The indefinite articles “a” and “an,” as used herein in the specification and in the claims, unless clearly indicated to the contrary, should be understood to mean “at least one.” The phrase “and/or,” as used herein in the specification and in the claims, should be understood to mean “either or both” of the elements so conjoined, i.e., elements that are conjunctively present in some cases and disjunctively present in other cases. Other elements may optionally be present other than the elements specifically identified by the “and/or” clause, whether related or unrelated to those elements specifically identified, unless clearly indicated to the contrary.
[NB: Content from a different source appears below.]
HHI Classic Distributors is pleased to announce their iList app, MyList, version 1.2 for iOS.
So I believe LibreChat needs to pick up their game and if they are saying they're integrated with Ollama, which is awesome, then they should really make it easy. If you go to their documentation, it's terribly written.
Conditional language used herein, such as, among others, “can,” “could,” “might,” “may,” “e.g.,” and the like, unless specifically stated otherwise, or otherwise understood within the context as used, is generally intended to convey that certain embodiments include, while other embodiments do not include, certain features, elements and/or steps. Thus, such conditional language is not generally intended to imply that features, elements, and/or steps are in any way required for one or more embodiments or that one or more embodiments necessarily include logic for deciding, with or without other input or prompting, whether these features, elements, and/or steps are included or are to be performed in any particular embodiment. The terms “comprising,” “including,” “having,” and the like are synonymous and are used inclusively, in an open-ended fashion, and do not exclude additional elements, features, acts, operations, and so forth. Also, the term “or” is used in its inclusive sense (and not in its exclusive sense) so that when used, for example, to connect a list of elements, the term “or” means one, some, or all of the elements in the list.

All references, patents and patent applications and publications that are cited or referred to in this application are incorporated by reference in their entirety herein.

Claims

CLAIMS What is claimed is:

1. A computer-implemented method comprising: receiving video data representing a video of a subject; determining, using the video data, a plurality of features corresponding to the subject; and determining, using the plurality of features, sleep state data for the subject.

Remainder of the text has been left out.